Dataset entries

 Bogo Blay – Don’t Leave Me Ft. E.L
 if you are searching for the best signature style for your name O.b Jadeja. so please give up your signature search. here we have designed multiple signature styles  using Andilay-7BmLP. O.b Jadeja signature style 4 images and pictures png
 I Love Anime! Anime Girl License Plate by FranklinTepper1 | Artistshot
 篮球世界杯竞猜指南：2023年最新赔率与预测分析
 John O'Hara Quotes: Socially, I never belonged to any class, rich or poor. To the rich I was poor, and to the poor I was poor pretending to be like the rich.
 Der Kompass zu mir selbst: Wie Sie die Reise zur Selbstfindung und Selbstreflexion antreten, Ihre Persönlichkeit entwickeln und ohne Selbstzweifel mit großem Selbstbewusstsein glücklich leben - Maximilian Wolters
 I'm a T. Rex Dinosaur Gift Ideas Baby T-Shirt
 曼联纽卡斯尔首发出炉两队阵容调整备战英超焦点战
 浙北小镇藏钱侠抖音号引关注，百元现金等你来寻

*Problem details*: Repeat exactly the lines of the data from the first one through the line with "篮球世界杯竞猜指南：2023年最新赔率与预测分析", both of them included.

*Solution*:
 Bogo Blay – Don’t Leave Me Ft. E.L
 if you are searching for the best signature style for your name O.b Jadeja. so please give up your signature search. here we have designed multiple signature styles  using Andilay-7BmLP. O.b Jadeja signature style 4 images and pictures png
 I Love Anime! Anime Girl License Plate by FranklinTepper1 | Artistshot
 篮球世界杯竞猜指南：2023年最新赔率与预测分析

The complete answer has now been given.